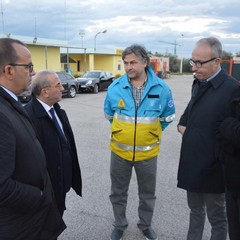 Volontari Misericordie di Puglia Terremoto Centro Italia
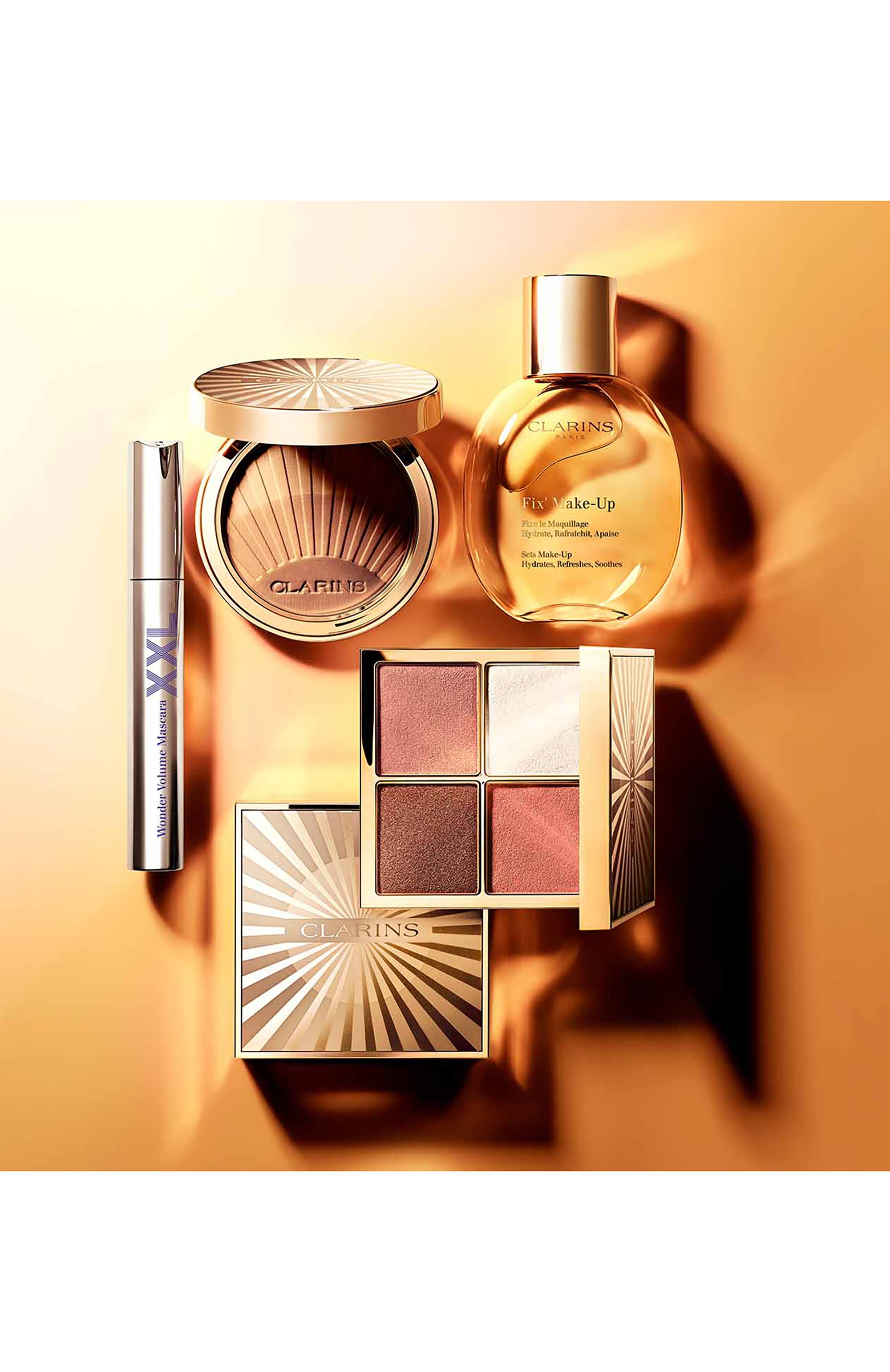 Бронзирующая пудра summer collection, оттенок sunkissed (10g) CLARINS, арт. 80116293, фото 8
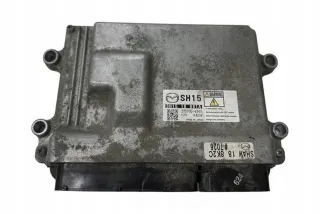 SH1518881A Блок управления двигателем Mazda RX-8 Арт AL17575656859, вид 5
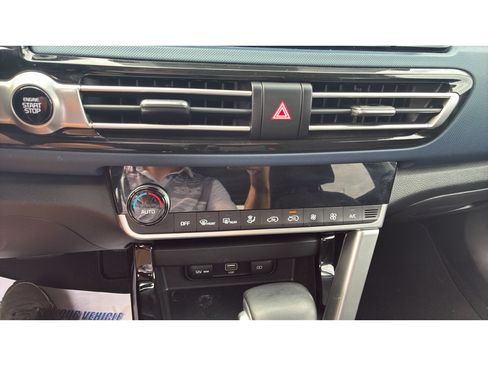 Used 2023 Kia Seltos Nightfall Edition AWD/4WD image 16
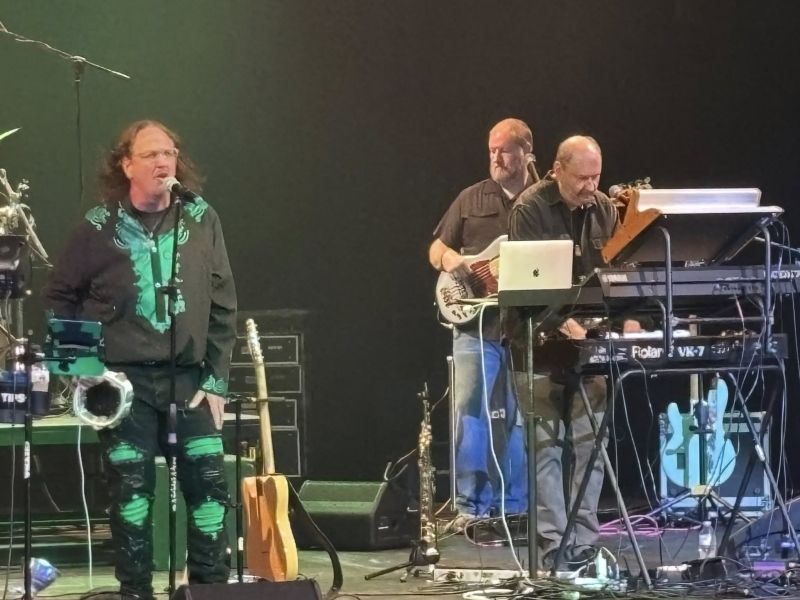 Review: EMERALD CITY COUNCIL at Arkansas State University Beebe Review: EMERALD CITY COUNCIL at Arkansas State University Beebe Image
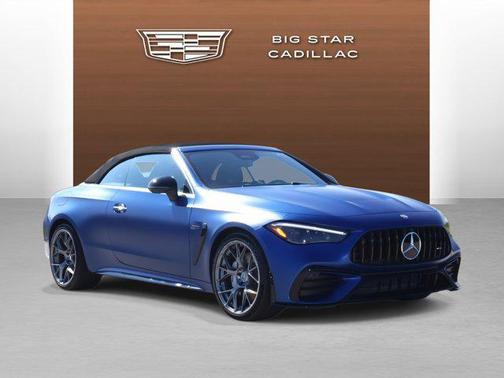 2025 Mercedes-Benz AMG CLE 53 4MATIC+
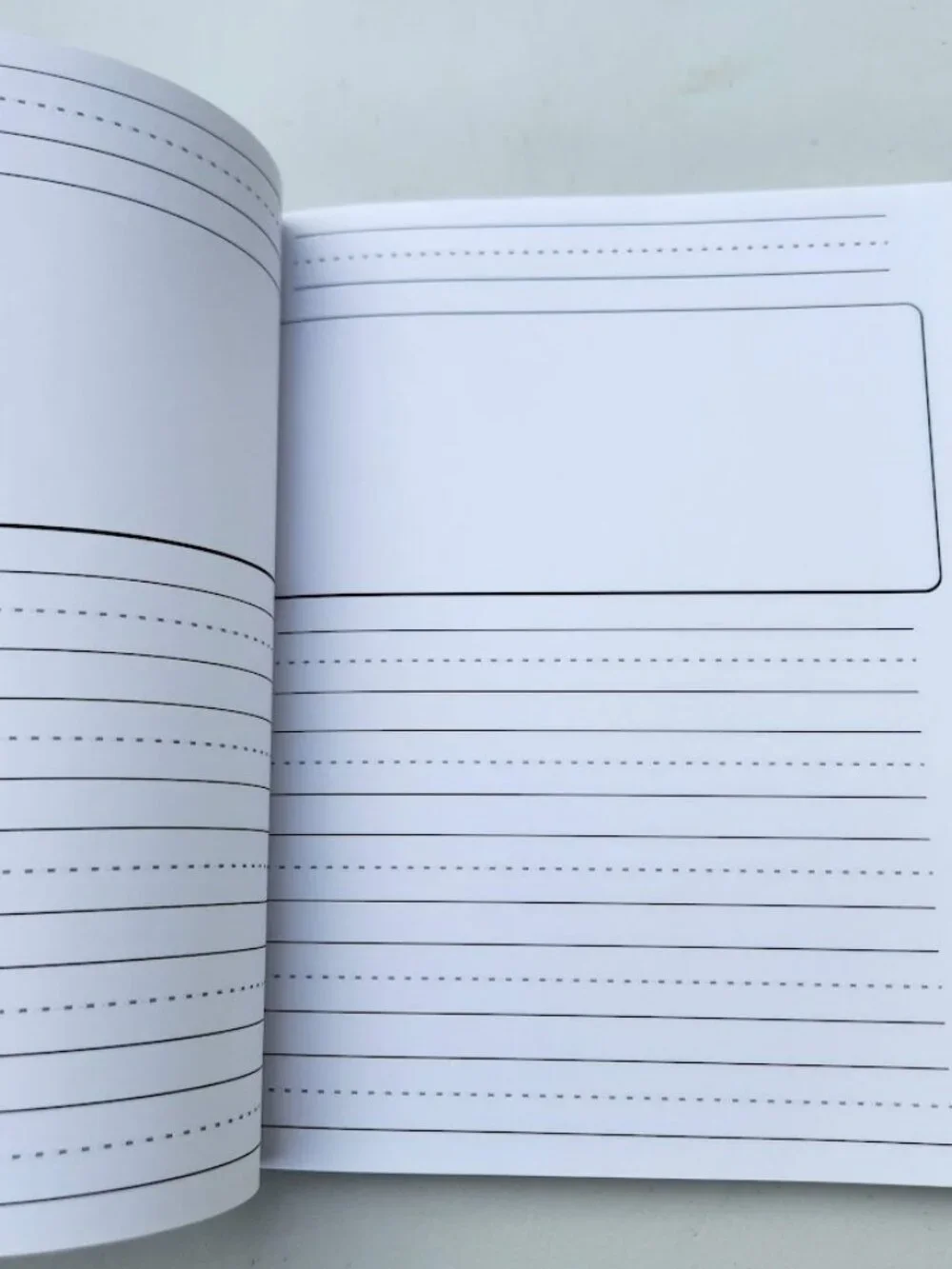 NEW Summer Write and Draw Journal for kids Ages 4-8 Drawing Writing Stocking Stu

• • •

WORK INSTRUCTION
Your task is to transcribe exactly the lines from the one containing "SH1518881A Блок управления" through the final line of the entries above, pictures excluded.

RESULT FOR THIS EXERCISE
 SH1518881A Блок управления двигателем Mazda RX-8 Арт AL17575656859, вид 5
 Used 2023 Kia Seltos Nightfall Edition AWD/4WD image 16
 Review: EMERALD CITY COUNCIL at Arkansas State University Beebe Review: EMERALD CITY COUNCIL at Arkansas State University Beebe Image
 2025 Mercedes-Benz AMG CLE 53 4MATIC+
 NEW Summer Write and Draw Journal for kids Ages 4-8 Drawing Writing Stocking Stu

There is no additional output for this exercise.